When I was twenty-three years old and heavy with our first child, my husband and I were installed as ministers in our old church in Cebu. Suffice it to say that after six years of faithful service, we got caught in the crossfire of church politics and we decided to retreat rather than be annihilated.
If you could have talked to us then, when we were young, aggressive, volatile and hurting, we would have told you that ministry life is hell on earth.
For many years after that traumatic experience, my husband and I vacciliated between religious devotion and compromise. The good thing was we took turns at being depressed and discouraged. We never did it at the same time.
Eventually, after years of running away from people who looked to us as ministers, we found ourselves in a small church called Victory Christian Fellowship in Iloilo. That was in 1999.

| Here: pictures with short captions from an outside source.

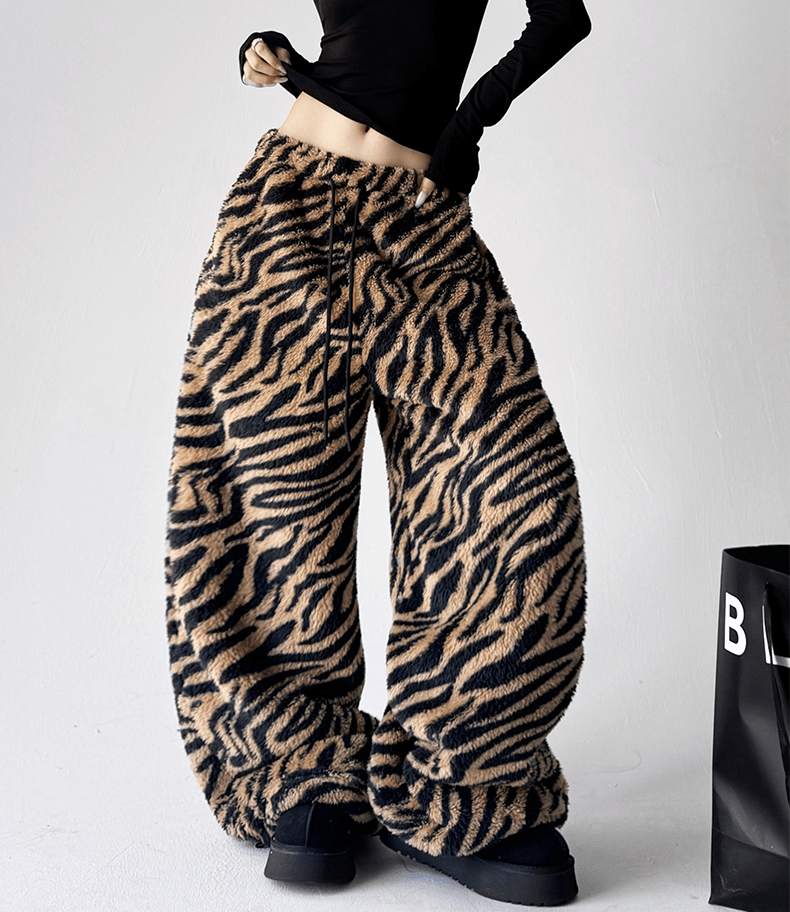 Tiger Print Fleece Wide - Leg Pants - COPPING THREADS - CT Select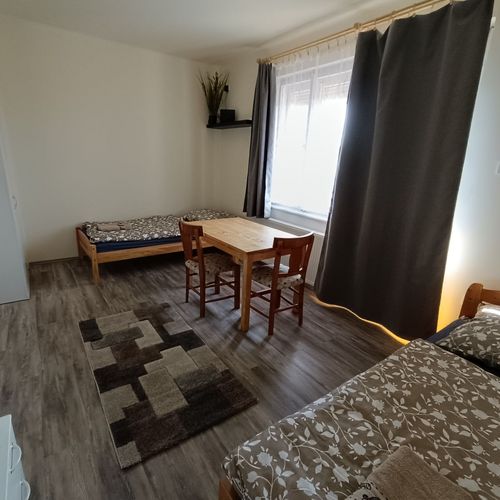 Apartament tourist la etaj cu 3 camere pentru 9 pers.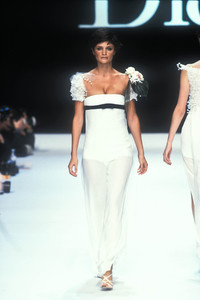 christian-dior-ss-1997-7.thumb.JPEG.f31183de5059ee3c0a47fb187b7fca8b.JPEG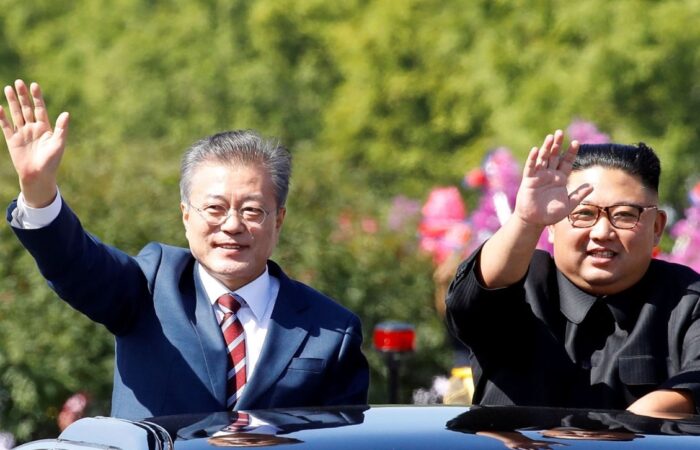 skynews-moon-jae-in-kim-jong-un_4424995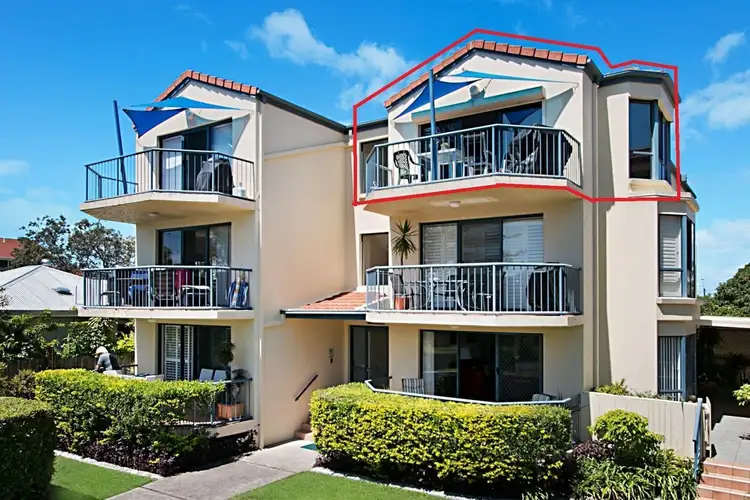 6/220 Marine Parade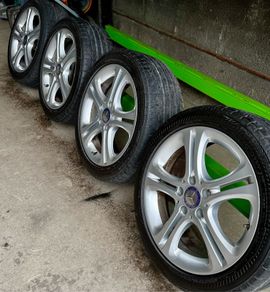17" Genuine Mercedes Alloys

We tried to remain as nondescript as possible.
But somehow, one's calling has a way of creeping back into one's life. Other than that, no matter how hard we try to deny it, people who are sensitive to the promptings of the Spirit can see the invisible neon lights flashing on our foreheads: called to minister.
One day, my husband's friend who was our pastor, pulled him aside. Our pastor was being called back to the mother church, he said, and he needs someone to take over
his position in our church.
My husband's and my response were loud and clear: over our dead bodies!
I should have known as soon as the words left our lips that we would not be able to sleep that night. Nor the next two or ten nights after.
To cut the long story short, here we are again, after being badly burned and after having to pick ourselves up from the rubble and ravages of church conflict.
It's back to ministry life, so help us God.